According to the conventional wisdom passed down from the anti-war left of the '60s and '70s and absorbed by the shapers of the popular culture, the Vietnam War was uniquely unjust and brutalized those who fought it. At first vilified by the anti-war left as a war criminal and a baby-killer, the Vietnam veteran soon evolved into a victim - victimized first by his country, which made him poor and then sent him off to fight an unjust war, then victimized by a military that dehumanized him and turned him into a killer.

James Webb, the best-selling novelist who was awarded a Navy Cross for valor in Vietnam as a Marine infantry officer and who served as Secretary of the Navy during the Reagan administration, has pointed out that the largely negative view of the Vietnam veteran comes from the same Baby Boomers who are big boosters of the "greatest generation." The irony is that those who fought in Vietnam did so because they looked to the World War II generation as, in Webb's words, "their heroes and role models. They honored their fathers' service by emulating it, and they largely agreed with their fathers' wisdom in attempting to stop Communism's reach in Southeast Asia."

As Mr. Webb points out, those who came of age during the Vietnam War differed from their parents in that they were not members of a unified generation but merely an age group. Despite the fact that nothing divided this age group more than the war, the media and the academy anointed those who opposed the war as spokesmen for the Baby-Boomers as a whole. But they never spoke for all. As Webb notes, "The sizeable portion of the Vietnam age group who declined to support the counter-culture agenda, and especially the men and women who opted to serve in the military during the Vietnam War, are quite different from their peers who for decades have claimed to speak for them."

The point of course is not to denigrate the unparalleled accomplishments of those who fought and won World War II. It is to remind Americans that Veterans Day is inclusive. It ought to honor all veterans. The fact remains that while different people join the service for different reasons, all are equally subject to long, arduous, and often hazardous duty.

American veterans would do well to remember the Saint Crispin's Day speech of Shakespeare's Henry V.

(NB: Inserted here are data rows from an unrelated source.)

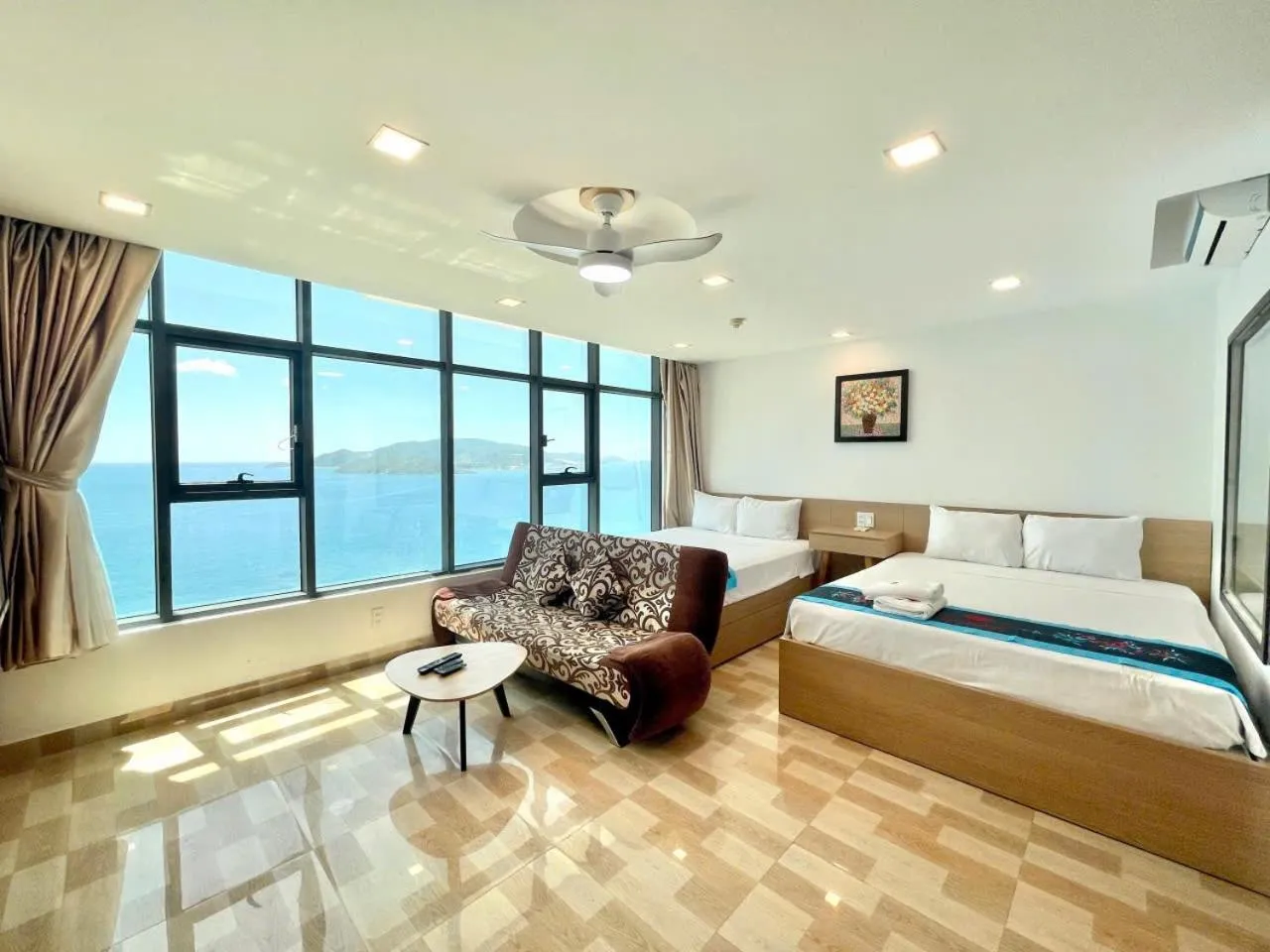 Bed in Pearl Nha Trang Beach Apartment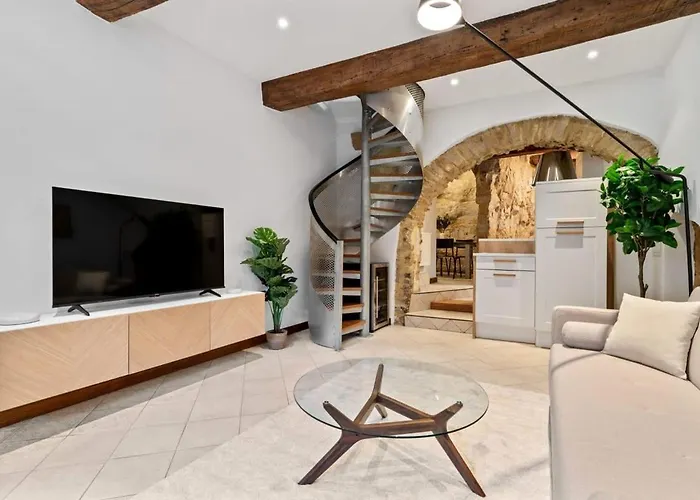 Charming Grund Retreat Near Neumünster Abbey Apartment Luxemburg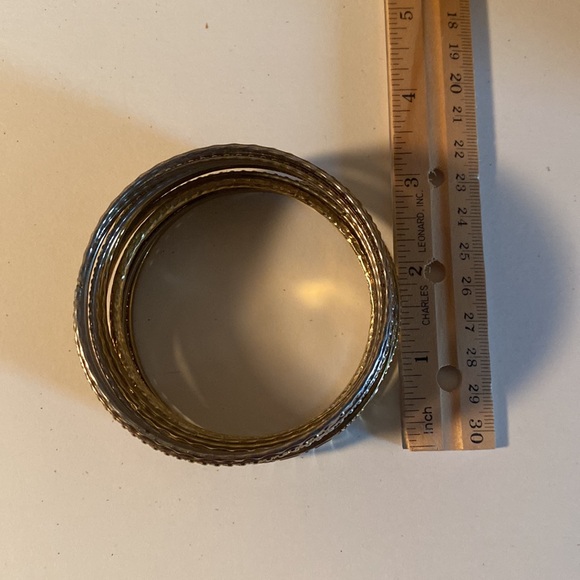 Set of 16 Goldtone Thin Bangles - Picture 4 of 5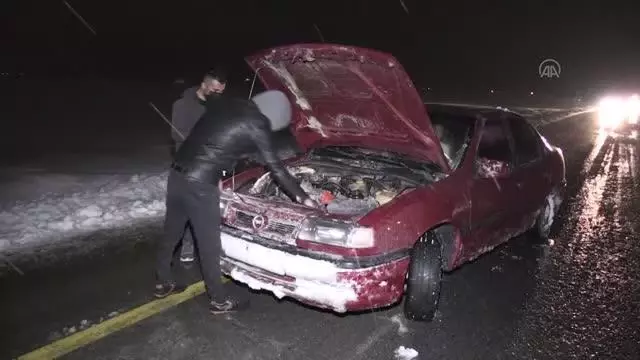 Jandarma ekipleri, yolda mahsur kalan aileyi yurda yerleştirdi Jandarma ekipleri, yolda mahsur kalan aileyi yurda yerleştirdi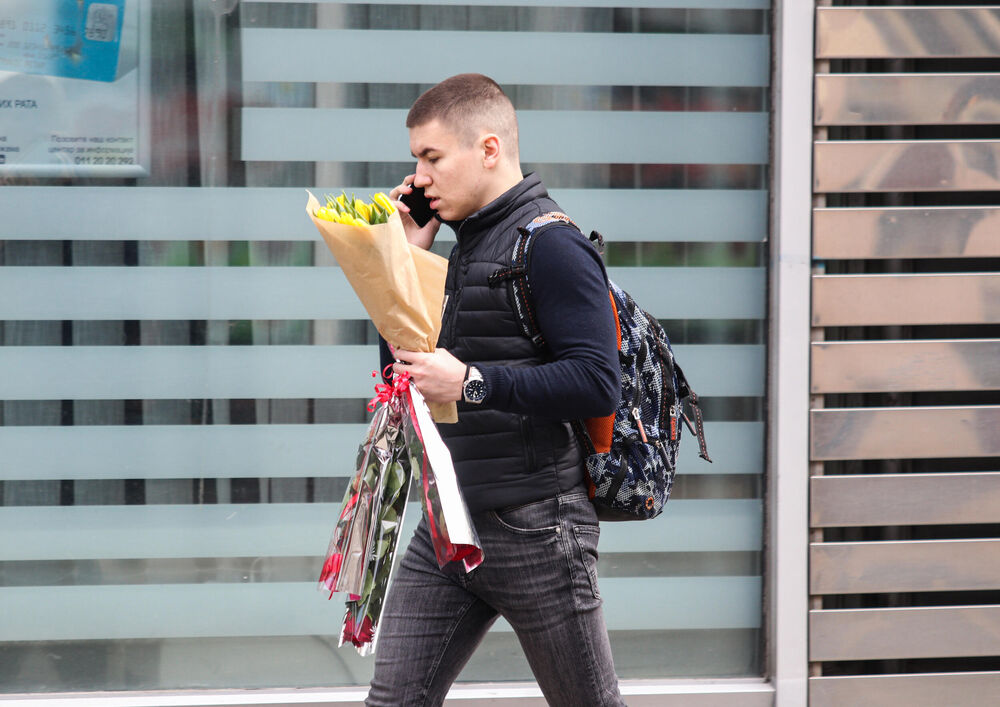 Dečko sa cvećem u rukama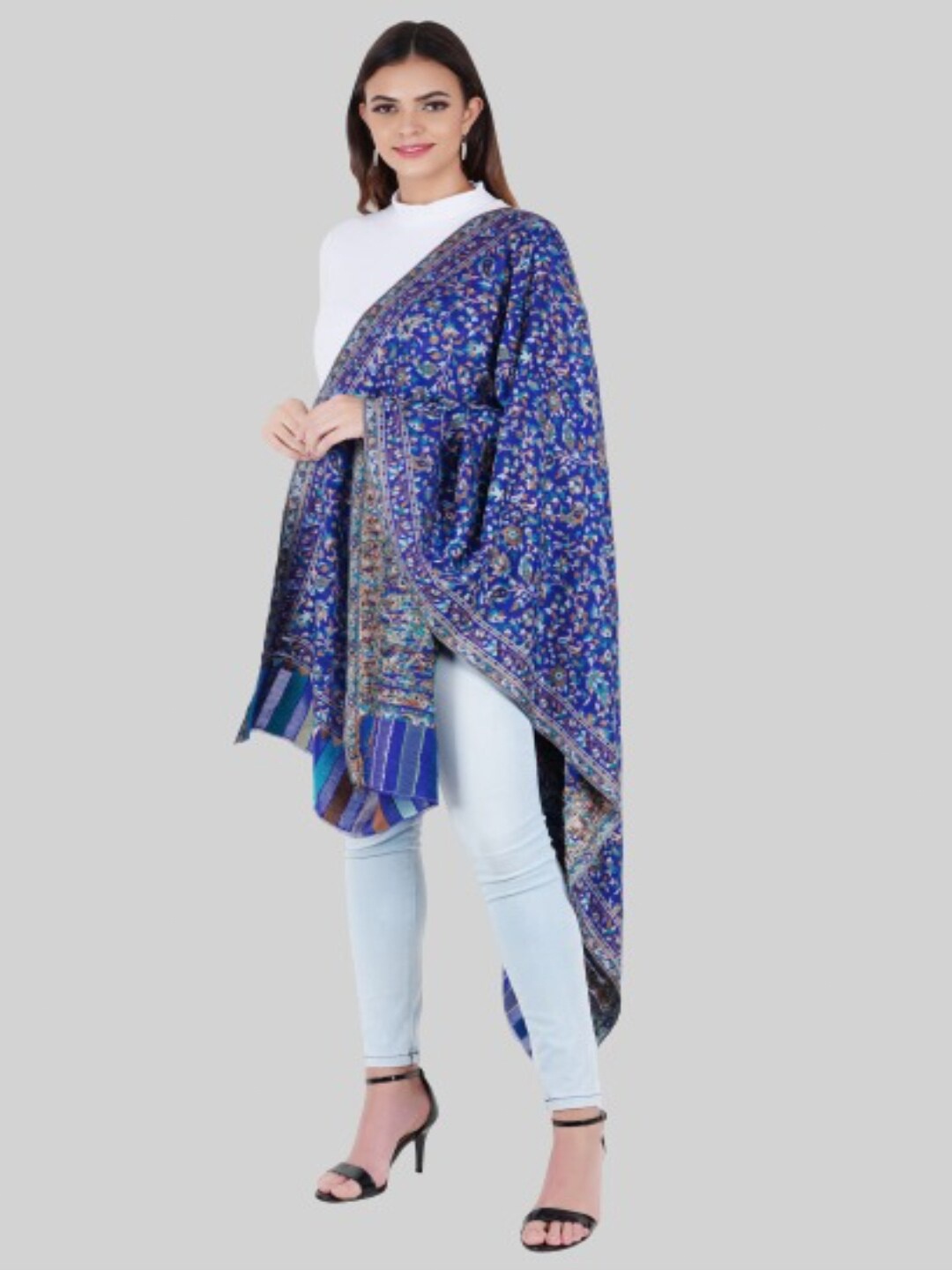 

MUFFLY Women Blue & White Embroidered Stole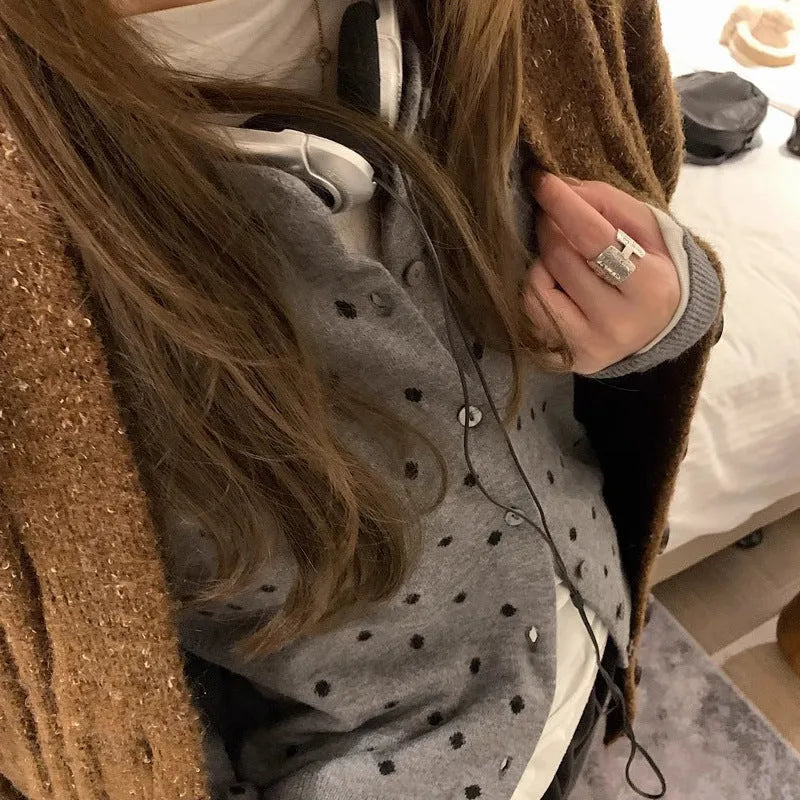 Women's Korean-style grey knitted cardigan with crocheted floral details and long sleeves for autumn wear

We few, we happy few, we band of brothers;
For he to-day that sheds his blood with me
Shall be my brother; be he ne'er so vile,
This day shall gentle his condition;
And gentlemen in England now-a-bed
Shall think themselves accurs'd they were not here,
And hold their manhoods cheap whiles any speaks
That fought with us upon Saint Crispin's day.

And they should remember the timeless wisdom of Master Gunnery Sergeant Rogers.

Mackubin Thomas Owens is a professor of strategy and force planning at the Naval War College in Rhode Island and a fellow of the Claremont Institute.

Tom Krannawitter is the Vice President of the Claremont Institute.